Voting is only good for allocating trust.
It is very bad for running a business or even a project.
Such roles involve specialty skills and deep hands-on knowledge beyond the average voter's abilities.
Any solution needs to, at most, vote on who to hold accountable and then let them manage the allocated resources.
I wouldn't want to fly on a plane controlled by voting passengers.
(And I wouldn't want to own a company that worked that way either.)
Absolutely! This is why a voting system where the coding workers are delegates is now sub-optimal. The only people that should fill delegate roles are those whose mandates and delivery outcomes are transparent enough for the community to judge. Most stakeholders are not and should not need to be sitting alongside developers to have any control.
Stan, how do you envisage the delegate structure should best be utilised then? My view is something like this:
Remove the need for delegates to produce blocks and price feeds. Within the broad delegate group, there should be competitive subsets of delegates responsible for:
- managing the decentralised pool of (X=101?) block-producers
- managing the pool of price feed submitters
The "Head of Development" should be responsible for allocations amongst coders based on value produced, rather than being determined by broad stakeholder voting.

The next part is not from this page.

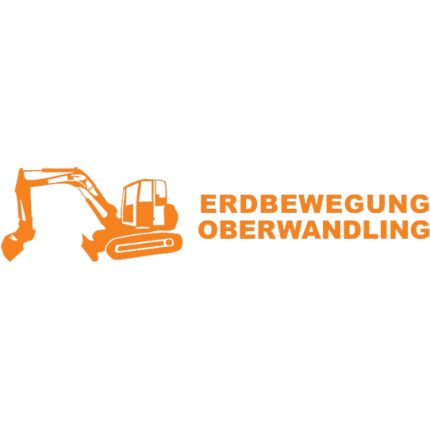 Logo von Erdbewegung Oberwandling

In the "company model" delegates should be more like directors or managers, who are hired and fired on how well they allocate resources, including to others, to meet expected outcomes.
If this evolves in time toward a "network economy " model, the delegates would be more like public agents that are granted budgets to implement their public mandates, by allocating these to the service providers that best meet them. An entire system of decentralised governance could be built around this.
The key is that stakeholders need to delegate accountabilities, but always hold the collective power of conferring or removing that accountability if needs are not being met.Further, voluntary funding models should be strongly considered to complement anything else we do.